** WORK INSTRUCTIONS **
Transcribe each line of the material with no alterations.

** RECORD EXCERPTS **

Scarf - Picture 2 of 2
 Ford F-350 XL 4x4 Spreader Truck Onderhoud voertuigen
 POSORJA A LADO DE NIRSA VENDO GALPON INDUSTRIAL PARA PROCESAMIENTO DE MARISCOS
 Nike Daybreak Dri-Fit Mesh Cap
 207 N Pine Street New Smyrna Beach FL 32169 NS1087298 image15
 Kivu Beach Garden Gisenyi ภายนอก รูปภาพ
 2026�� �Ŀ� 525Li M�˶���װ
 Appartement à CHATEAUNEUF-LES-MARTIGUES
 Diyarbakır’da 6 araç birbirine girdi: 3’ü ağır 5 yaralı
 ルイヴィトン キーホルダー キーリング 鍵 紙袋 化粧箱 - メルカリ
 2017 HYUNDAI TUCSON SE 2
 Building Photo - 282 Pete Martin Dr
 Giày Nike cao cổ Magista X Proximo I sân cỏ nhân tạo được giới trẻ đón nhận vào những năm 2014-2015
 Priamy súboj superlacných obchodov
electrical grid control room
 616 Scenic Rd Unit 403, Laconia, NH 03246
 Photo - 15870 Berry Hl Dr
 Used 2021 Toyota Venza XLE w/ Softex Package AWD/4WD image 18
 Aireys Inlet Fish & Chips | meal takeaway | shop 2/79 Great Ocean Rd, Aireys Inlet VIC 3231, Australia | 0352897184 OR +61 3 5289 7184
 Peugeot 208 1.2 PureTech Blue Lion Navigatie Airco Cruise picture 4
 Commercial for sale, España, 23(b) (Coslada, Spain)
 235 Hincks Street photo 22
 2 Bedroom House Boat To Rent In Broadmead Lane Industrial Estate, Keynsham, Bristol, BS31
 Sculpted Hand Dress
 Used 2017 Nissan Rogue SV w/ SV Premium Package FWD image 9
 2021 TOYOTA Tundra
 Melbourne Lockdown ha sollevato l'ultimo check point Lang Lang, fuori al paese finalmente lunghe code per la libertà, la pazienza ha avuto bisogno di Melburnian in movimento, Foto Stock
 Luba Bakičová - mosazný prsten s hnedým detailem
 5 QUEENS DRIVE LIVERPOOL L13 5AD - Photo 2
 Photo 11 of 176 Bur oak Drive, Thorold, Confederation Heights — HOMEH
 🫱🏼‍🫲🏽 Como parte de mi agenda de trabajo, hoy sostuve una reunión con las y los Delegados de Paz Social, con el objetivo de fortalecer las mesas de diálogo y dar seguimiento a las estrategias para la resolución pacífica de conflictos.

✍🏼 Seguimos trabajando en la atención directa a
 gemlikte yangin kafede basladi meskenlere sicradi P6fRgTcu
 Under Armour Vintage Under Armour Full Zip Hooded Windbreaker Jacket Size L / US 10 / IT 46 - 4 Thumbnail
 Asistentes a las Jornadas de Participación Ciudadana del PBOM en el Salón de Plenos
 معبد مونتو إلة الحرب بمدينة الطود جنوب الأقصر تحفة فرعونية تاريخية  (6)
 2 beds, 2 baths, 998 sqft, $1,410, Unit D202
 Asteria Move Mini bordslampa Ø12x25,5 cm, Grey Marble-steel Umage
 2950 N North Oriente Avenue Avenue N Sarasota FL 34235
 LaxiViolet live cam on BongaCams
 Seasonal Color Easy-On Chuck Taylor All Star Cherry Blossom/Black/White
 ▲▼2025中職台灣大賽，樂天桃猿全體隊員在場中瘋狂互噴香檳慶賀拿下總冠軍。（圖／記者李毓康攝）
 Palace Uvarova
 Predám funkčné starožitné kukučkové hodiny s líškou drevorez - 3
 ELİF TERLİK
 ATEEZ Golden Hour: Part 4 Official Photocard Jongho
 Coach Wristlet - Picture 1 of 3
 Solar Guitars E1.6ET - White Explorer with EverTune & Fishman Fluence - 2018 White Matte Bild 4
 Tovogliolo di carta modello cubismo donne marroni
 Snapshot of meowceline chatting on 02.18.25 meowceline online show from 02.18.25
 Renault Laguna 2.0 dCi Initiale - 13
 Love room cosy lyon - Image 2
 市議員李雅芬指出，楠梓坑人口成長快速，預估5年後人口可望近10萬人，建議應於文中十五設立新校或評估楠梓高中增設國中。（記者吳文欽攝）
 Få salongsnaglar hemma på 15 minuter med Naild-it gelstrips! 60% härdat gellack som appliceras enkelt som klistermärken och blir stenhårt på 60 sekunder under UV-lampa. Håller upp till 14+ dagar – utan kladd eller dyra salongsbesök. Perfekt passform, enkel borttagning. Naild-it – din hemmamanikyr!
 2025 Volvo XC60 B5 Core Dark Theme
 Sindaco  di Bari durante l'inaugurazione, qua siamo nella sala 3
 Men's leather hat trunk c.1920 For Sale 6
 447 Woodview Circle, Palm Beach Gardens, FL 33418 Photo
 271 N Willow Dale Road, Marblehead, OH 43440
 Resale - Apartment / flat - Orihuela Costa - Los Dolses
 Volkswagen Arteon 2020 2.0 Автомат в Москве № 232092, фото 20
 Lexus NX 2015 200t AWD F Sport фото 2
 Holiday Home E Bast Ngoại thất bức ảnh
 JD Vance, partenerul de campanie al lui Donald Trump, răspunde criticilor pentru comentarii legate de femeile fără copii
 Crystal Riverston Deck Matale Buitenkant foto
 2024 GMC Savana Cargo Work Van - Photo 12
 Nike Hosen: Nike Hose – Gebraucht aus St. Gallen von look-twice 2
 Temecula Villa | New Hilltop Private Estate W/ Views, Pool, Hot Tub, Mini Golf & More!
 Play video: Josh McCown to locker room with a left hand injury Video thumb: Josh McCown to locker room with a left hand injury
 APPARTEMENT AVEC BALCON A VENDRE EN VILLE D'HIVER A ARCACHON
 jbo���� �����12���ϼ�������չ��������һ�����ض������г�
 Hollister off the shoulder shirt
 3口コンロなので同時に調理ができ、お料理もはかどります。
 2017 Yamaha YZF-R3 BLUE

** ANSWER **
Scarf - Picture 2 of 2
 Ford F-350 XL 4x4 Spreader Truck Onderhoud voertuigen
 POSORJA A LADO DE NIRSA VENDO GALPON INDUSTRIAL PARA PROCESAMIENTO DE MARISCOS
 Nike Daybreak Dri-Fit Mesh Cap
 207 N Pine Street New Smyrna Beach FL 32169 NS1087298 image15
 Kivu Beach Garden Gisenyi ภายนอก รูปภาพ
 2026�� �Ŀ� 525Li M�˶���װ
 Appartement à CHATEAUNEUF-LES-MARTIGUES
 Diyarbakır’da 6 araç birbirine girdi: 3’ü ağır 5 yaralı
 ルイヴィトン キーホルダー キーリング 鍵 紙袋 化粧箱 - メルカリ
 2017 HYUNDAI TUCSON SE 2
 Building Photo - 282 Pete Martin Dr
 Giày Nike cao cổ Magista X Proximo I sân cỏ nhân tạo được giới trẻ đón nhận vào những năm 2014-2015
 Priamy súboj superlacných obchodov
electrical grid control room
 616 Scenic Rd Unit 403, Laconia, NH 03246
 Photo - 15870 Berry Hl Dr
 Used 2021 Toyota Venza XLE w/ Softex Package AWD/4WD image 18
 Aireys Inlet Fish & Chips | meal takeaway | shop 2/79 Great Ocean Rd, Aireys Inlet VIC 3231, Australia | 0352897184 OR +61 3 5289 7184
 Peugeot 208 1.2 PureTech Blue Lion Navigatie Airco Cruise picture 4
 Commercial for sale, España, 23(b) (Coslada, Spain)
 235 Hincks Street photo 22
 2 Bedroom House Boat To Rent In Broadmead Lane Industrial Estate, Keynsham, Bristol, BS31
 Sculpted Hand Dress
 Used 2017 Nissan Rogue SV w/ SV Premium Package FWD image 9
 2021 TOYOTA Tundra
 Melbourne Lockdown ha sollevato l'ultimo check point Lang Lang, fuori al paese finalmente lunghe code per la libertà, la pazienza ha avuto bisogno di Melburnian in movimento, Foto Stock
 Luba Bakičová - mosazný prsten s hnedým detailem
 5 QUEENS DRIVE LIVERPOOL L13 5AD - Photo 2
 Photo 11 of 176 Bur oak Drive, Thorold, Confederation Heights — HOMEH
 🫱🏼‍🫲🏽 Como parte de mi agenda de trabajo, hoy sostuve una reunión con las y los Delegados de Paz Social, con el objetivo de fortalecer las mesas de diálogo y dar seguimiento a las estrategias para la resolución pacífica de conflictos.

✍🏼 Seguimos trabajando en la atención directa a
 gemlikte yangin kafede basladi meskenlere sicradi P6fRgTcu
 Under Armour Vintage Under Armour Full Zip Hooded Windbreaker Jacket Size L / US 10 / IT 46 - 4 Thumbnail
 Asistentes a las Jornadas de Participación Ciudadana del PBOM en el Salón de Plenos
 معبد مونتو إلة الحرب بمدينة الطود جنوب الأقصر تحفة فرعونية تاريخية  (6)
 2 beds, 2 baths, 998 sqft, $1,410, Unit D202
 Asteria Move Mini bordslampa Ø12x25,5 cm, Grey Marble-steel Umage
 2950 N North Oriente Avenue Avenue N Sarasota FL 34235
 LaxiViolet live cam on BongaCams
 Seasonal Color Easy-On Chuck Taylor All Star Cherry Blossom/Black/White
 ▲▼2025中職台灣大賽，樂天桃猿全體隊員在場中瘋狂互噴香檳慶賀拿下總冠軍。（圖／記者李毓康攝）
 Palace Uvarova
 Predám funkčné starožitné kukučkové hodiny s líškou drevorez - 3
 ELİF TERLİK
 ATEEZ Golden Hour: Part 4 Official Photocard Jongho
 Coach Wristlet - Picture 1 of 3
 Solar Guitars E1.6ET - White Explorer with EverTune & Fishman Fluence - 2018 White Matte Bild 4
 Tovogliolo di carta modello cubismo donne marroni
 Snapshot of meowceline chatting on 02.18.25 meowceline online show from 02.18.25
 Renault Laguna 2.0 dCi Initiale - 13
 Love room cosy lyon - Image 2
 市議員李雅芬指出，楠梓坑人口成長快速，預估5年後人口可望近10萬人，建議應於文中十五設立新校或評估楠梓高中增設國中。（記者吳文欽攝）
 Få salongsnaglar hemma på 15 minuter med Naild-it gelstrips! 60% härdat gellack som appliceras enkelt som klistermärken och blir stenhårt på 60 sekunder under UV-lampa. Håller upp till 14+ dagar – utan kladd eller dyra salongsbesök. Perfekt passform, enkel borttagning. Naild-it – din hemmamanikyr!
 2025 Volvo XC60 B5 Core Dark Theme
 Sindaco  di Bari durante l'inaugurazione, qua siamo nella sala 3
 Men's leather hat trunk c.1920 For Sale 6
 447 Woodview Circle, Palm Beach Gardens, FL 33418 Photo
 271 N Willow Dale Road, Marblehead, OH 43440
 Resale - Apartment / flat - Orihuela Costa - Los Dolses
 Volkswagen Arteon 2020 2.0 Автомат в Москве № 232092, фото 20
 Lexus NX 2015 200t AWD F Sport фото 2
 Holiday Home E Bast Ngoại thất bức ảnh
 JD Vance, partenerul de campanie al lui Donald Trump, răspunde criticilor pentru comentarii legate de femeile fără copii
 Crystal Riverston Deck Matale Buitenkant foto
 2024 GMC Savana Cargo Work Van - Photo 12
 Nike Hosen: Nike Hose – Gebraucht aus St. Gallen von look-twice 2
 Temecula Villa | New Hilltop Private Estate W/ Views, Pool, Hot Tub, Mini Golf & More!
 Play video: Josh McCown to locker room with a left hand injury Video thumb: Josh McCown to locker room with a left hand injury
 APPARTEMENT AVEC BALCON A VENDRE EN VILLE D'HIVER A ARCACHON
 jbo���� �����12���ϼ�������չ��������һ�����ض������г�
 Hollister off the shoulder shirt
 3口コンロなので同時に調理ができ、お料理もはかどります。
 2017 Yamaha YZF-R3 BLUE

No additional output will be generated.